■ **WORK TO COMPLETE**: What follows is a set of records. Retype them exactly, leaving out the pictures.

■ **RECORDS PROVIDED**:
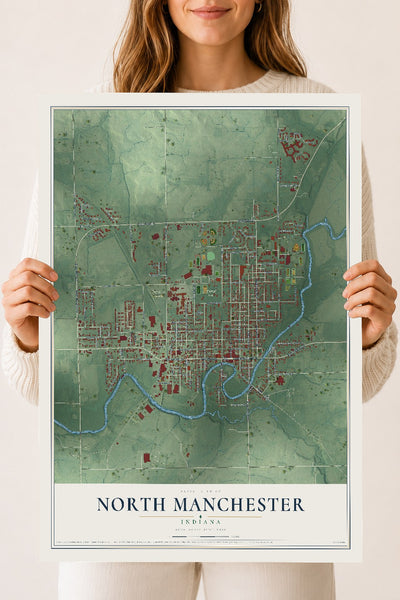 Map of North Manchester, Indiana, 18 x 24 inch unframed archival matte print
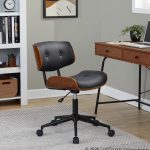 Lombardi Mid-Century Modern Walnut and Black Swivel Office Chair 16 Lombardi Mid-Century Modern Walnut and Black Swivel Office Chair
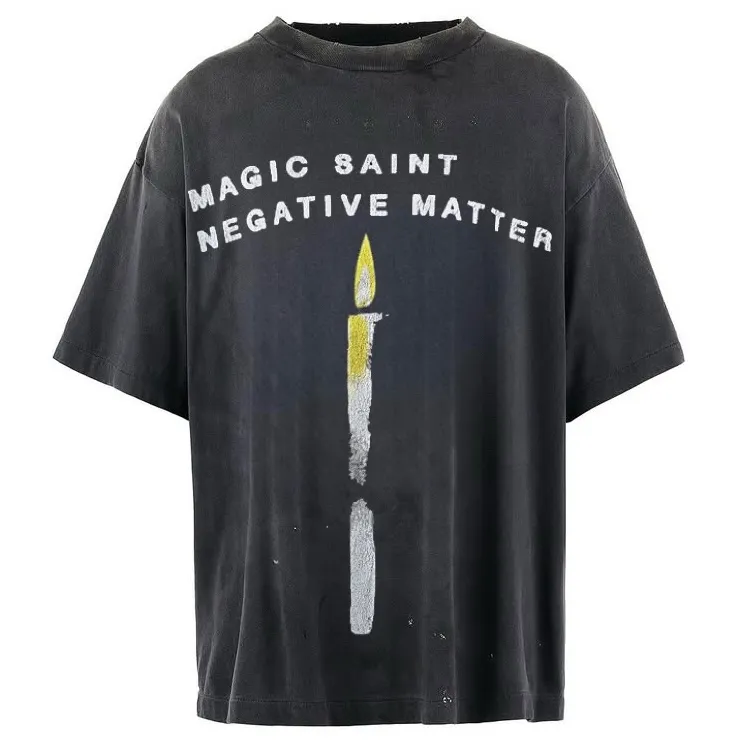 SAINT Mxxxxxx CANDLE SS TEE/BLK Slogan candle distressed TEE Little angel short sleeves on the back Washed in black S-XL Same as the original version Cylindrical side seam OE yarn fabric Garment dyeing Fade in heavy washes Fade with horse plaster on the bust Correct version matching Original version accessories Original level printing restoration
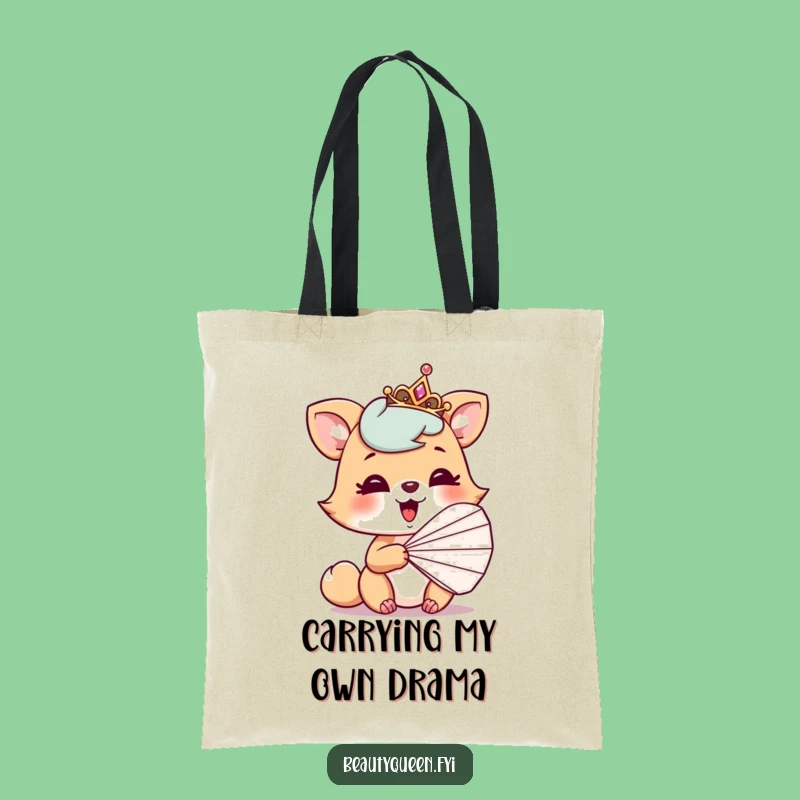 Funny Tote Bag: Playful animal tiara fan giggles, carry your humor in style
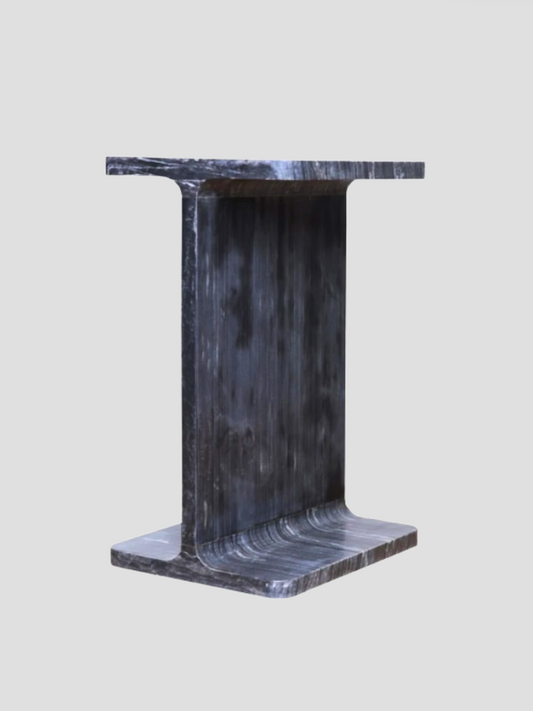 I Beam Black Marble Side Table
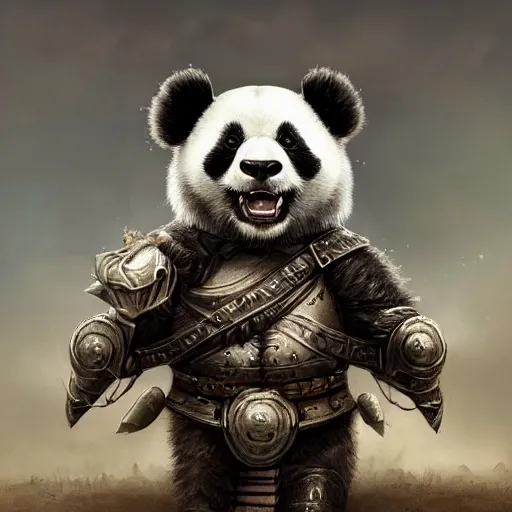 Prompt: very cute and happy warrior panda in armor, eerie, intricate, highly detailed, sorrow, dramatic, emotional, proud, matte painting, award - winning art, cute, happy, trending on artstation, digital art, 8 k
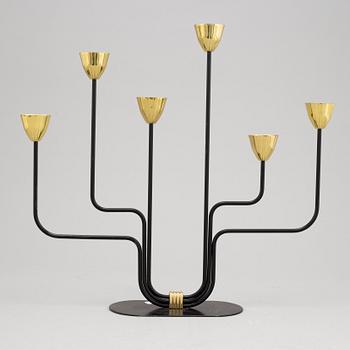 Gunnar Ander, a brass and metall six-light candelabra from Ystad Metall.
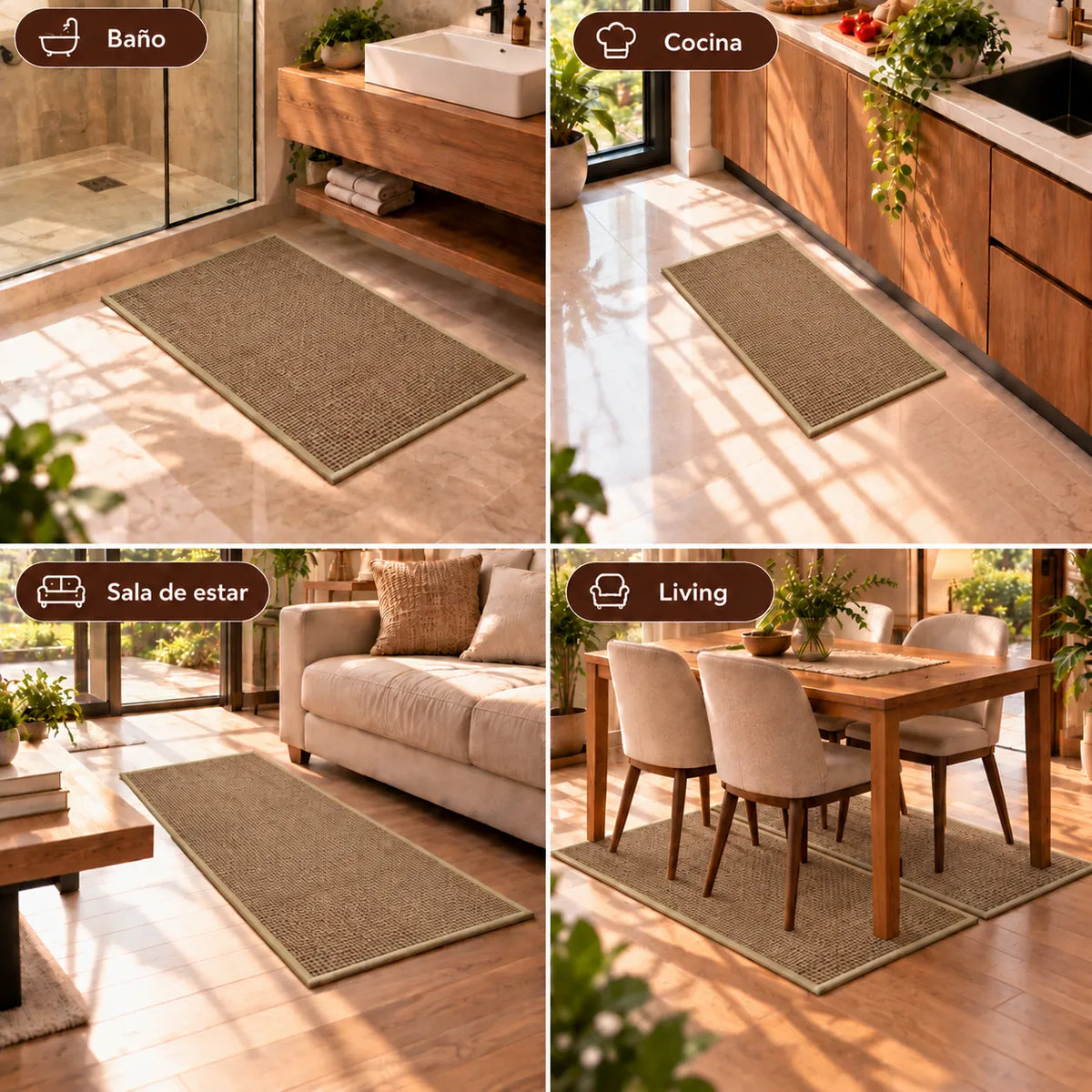 Alfombra de Lino Premium - Antideslizante y Absorbente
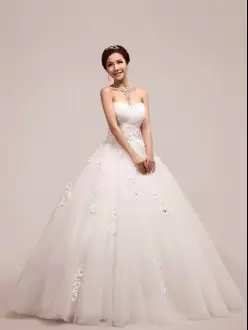Tulle Sleeveless Floor Length Bridal Gown and Appliques and Ruching and Hand Made Flower
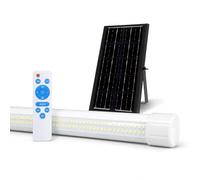 Groupe DDC Reglette LED Solaire Extérieur 4000K - Éclairage Garage, Terrasse, Abri - 3 Tailles, Télécommande, Autonome Jusqu’à 12h, IP54 Étanche, Sans Fil (51 CM)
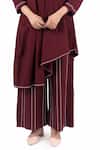 Buy_KHAT_Maroon Poplin Cotton Embroidered Floral Kurta And Broad Leg Pant Set _Online_at_Aza_Fashions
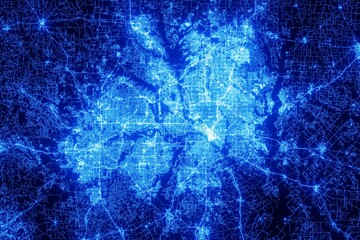 Street map of Dallas and Fort Worth (Texas, USA) made with blue illumination and glow effect. Top view on roads network - obrazy, fototapety, plakaty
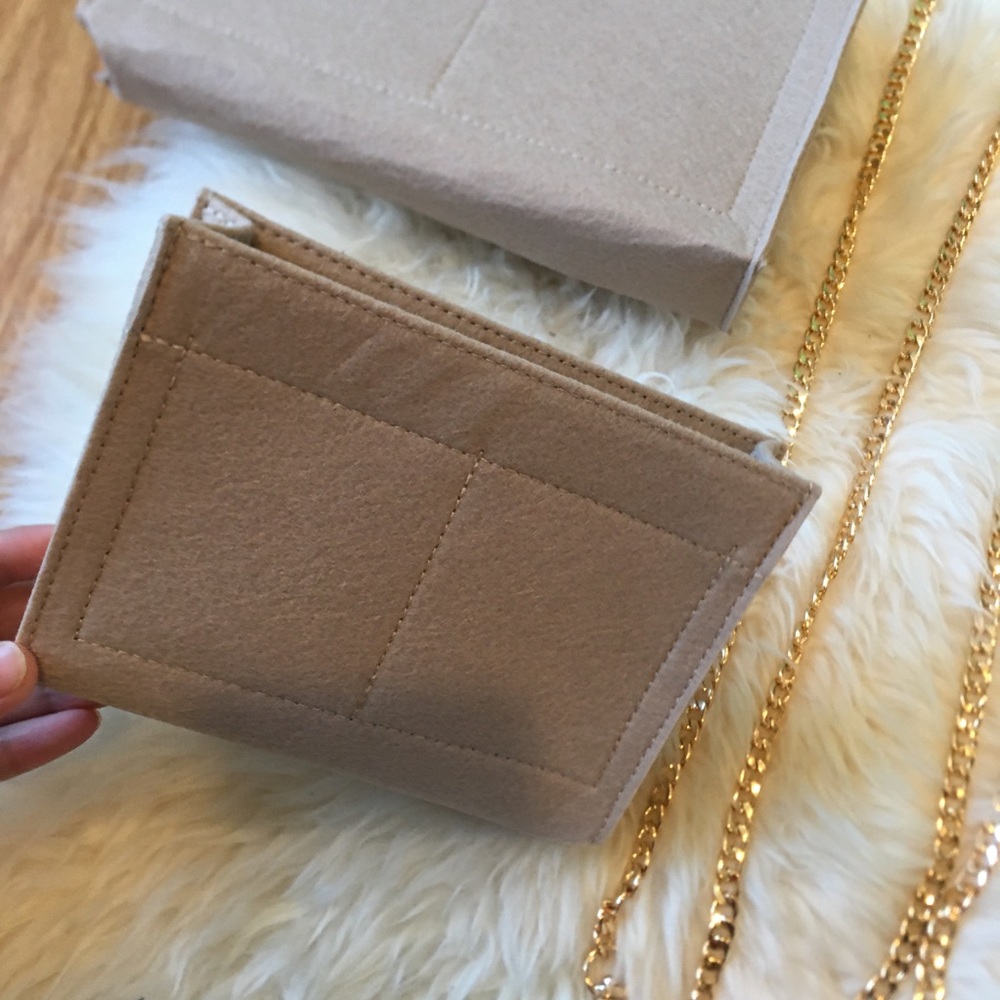 Beige Toiletry pouch 19 cosmetic insert organizer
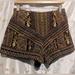 Zara Shorts | Boho Chic Intricately Embroidered Shorts By Zara In Euc Sz Med | Color: Black/Brown | Size: M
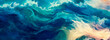 Vivid azure and teal waves dynamically illustrate the ocean's ever-changing surface, showcasing the fluid, rhythmic motion and serene beauty of water. Banner. Copy space.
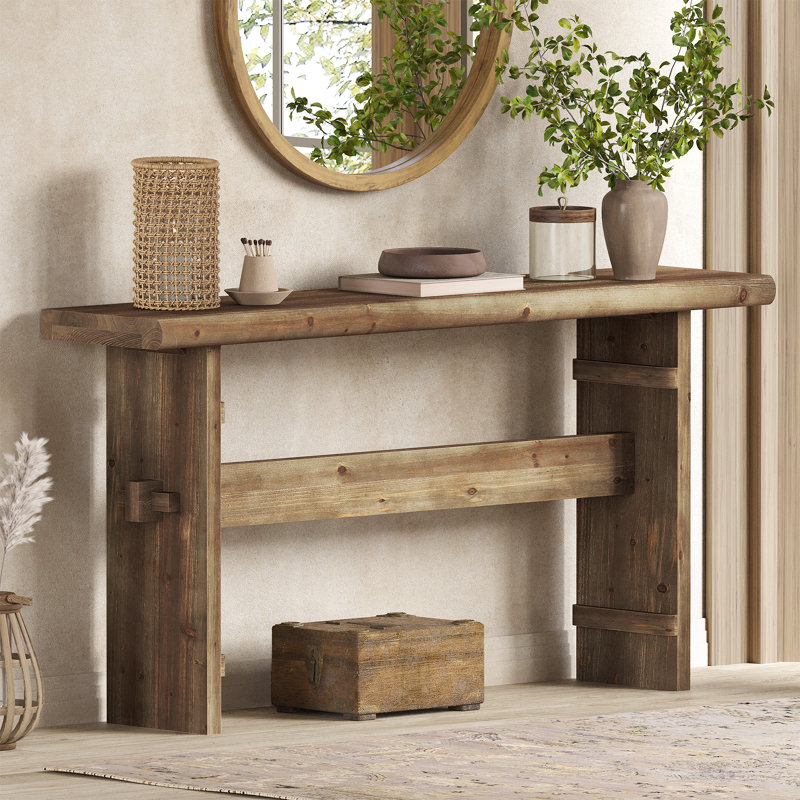 63" Solid Wood Console Table For Entryway, Grayish Brown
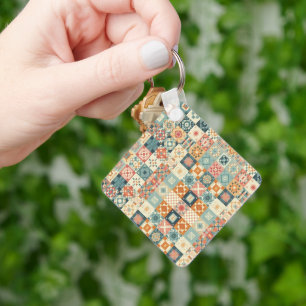 Vintage, patchworkartiger Quilt-Look Schlüsselanhänger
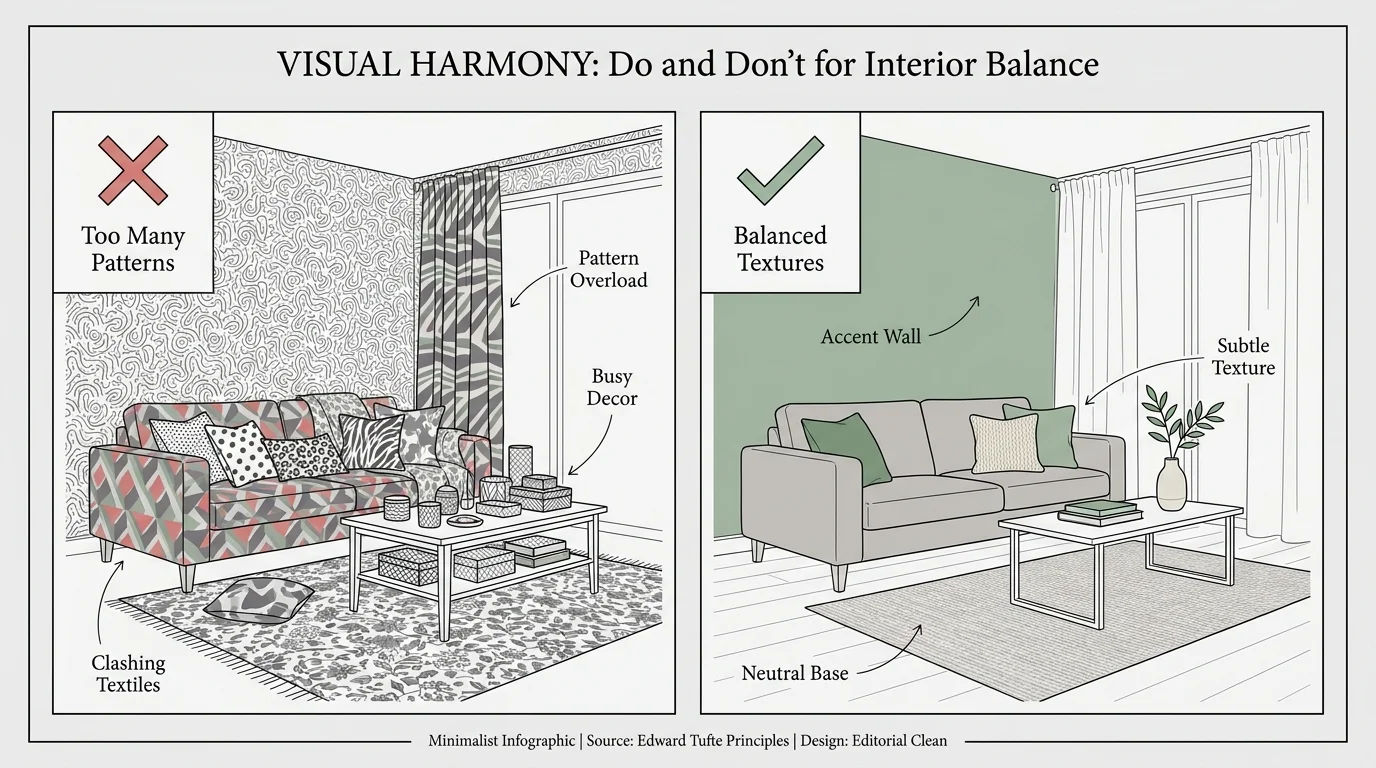 A minimalist infographic showing the difference between a cluttered room and a balanced, modern 70s design.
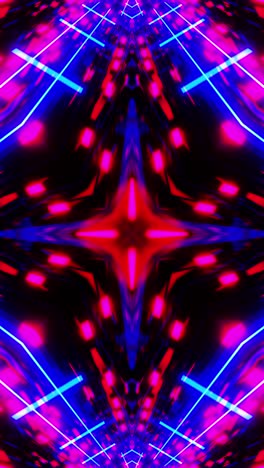 vj loop blue red neon kaleidoscope vertical looped video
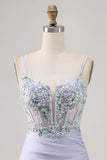 Lavender Bodycon Corset Sequins Homecoming Dress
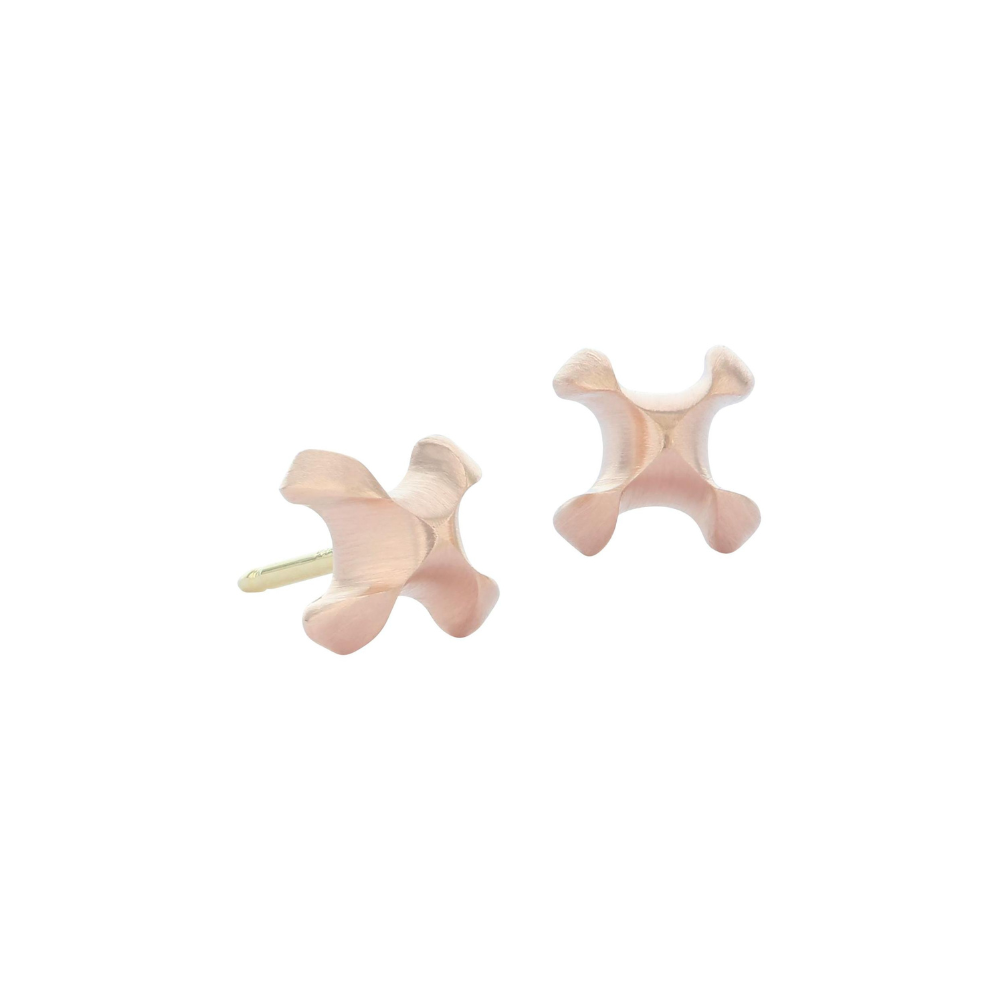 X Stud Earrings in Matte Rose Gold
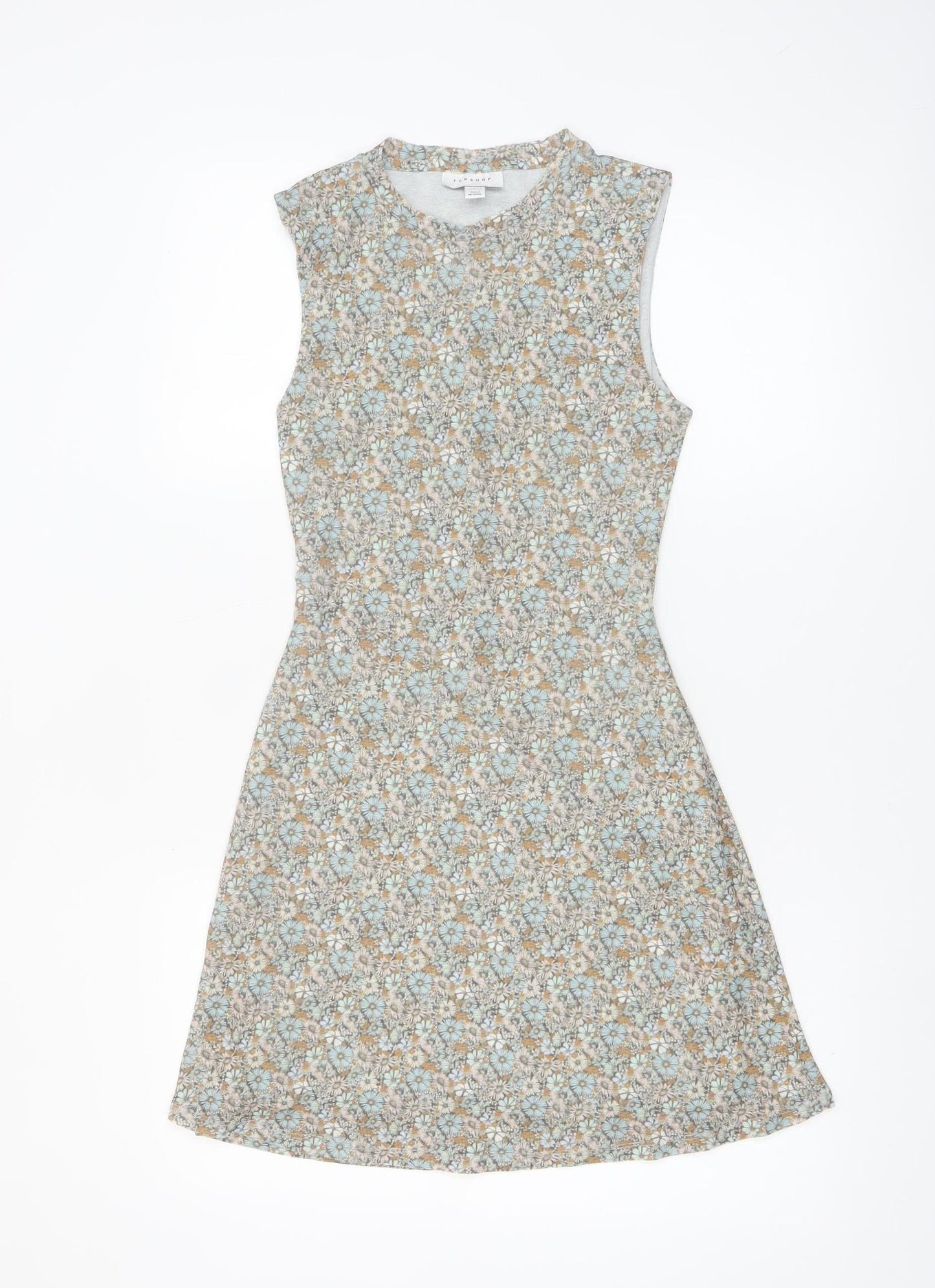 Topshop Women's Multicoloured Floral A-Line Sleeveless Dress Size 8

■ **RESULT FOR THIS EXERCISE**:
 Map of North Manchester, Indiana, 18 x 24 inch unframed archival matte print
 Lombardi Mid-Century Modern Walnut and Black Swivel Office Chair 16 Lombardi Mid-Century Modern Walnut and Black Swivel Office Chair
 SAINT Mxxxxxx CANDLE SS TEE/BLK Slogan candle distressed TEE Little angel short sleeves on the back Washed in black S-XL Same as the original version Cylindrical side seam OE yarn fabric Garment dyeing Fade in heavy washes Fade with horse plaster on the bust Correct version matching Original version accessories Original level printing restoration
 Funny Tote Bag: Playful animal tiara fan giggles, carry your humor in style
 I Beam Black Marble Side Table
 Prompt: very cute and happy warrior panda in armor, eerie, intricate, highly detailed, sorrow, dramatic, emotional, proud, matte painting, award - winning art, cute, happy, trending on artstation, digital art, 8 k
 Gunnar Ander, a brass and metall six-light candelabra from Ystad Metall.
 Alfombra de Lino Premium - Antideslizante y Absorbente
Tulle Sleeveless Floor Length Bridal Gown and Appliques and Ruching and Hand Made Flower
 Groupe DDC Reglette LED Solaire Extérieur 4000K - Éclairage Garage, Terrasse, Abri - 3 Tailles, Télécommande, Autonome Jusqu’à 12h, IP54 Étanche, Sans Fil (51 CM)
 Buy_KHAT_Maroon Poplin Cotton Embroidered Floral Kurta And Broad Leg Pant Set _Online_at_Aza_Fashions
 Street map of Dallas and Fort Worth (Texas, USA) made with blue illumination and glow effect. Top view on roads network - obrazy, fototapety, plakaty
 Beige Toiletry pouch 19 cosmetic insert organizer
 Zara Shorts | Boho Chic Intricately Embroidered Shorts By Zara In Euc Sz Med | Color: Black/Brown | Size: M
 Vivid azure and teal waves dynamically illustrate the ocean's ever-changing surface, showcasing the fluid, rhythmic motion and serene beauty of water. Banner. Copy space.
 63" Solid Wood Console Table For Entryway, Grayish Brown
 Vintage, patchworkartiger Quilt-Look Schlüsselanhänger
 A minimalist infographic showing the difference between a cluttered room and a balanced, modern 70s design.
 vj loop blue red neon kaleidoscope vertical looped video
 Lavender Bodycon Corset Sequins Homecoming Dress
 X Stud Earrings in Matte Rose Gold
 Topshop Women's Multicoloured Floral A-Line Sleeveless Dress Size 8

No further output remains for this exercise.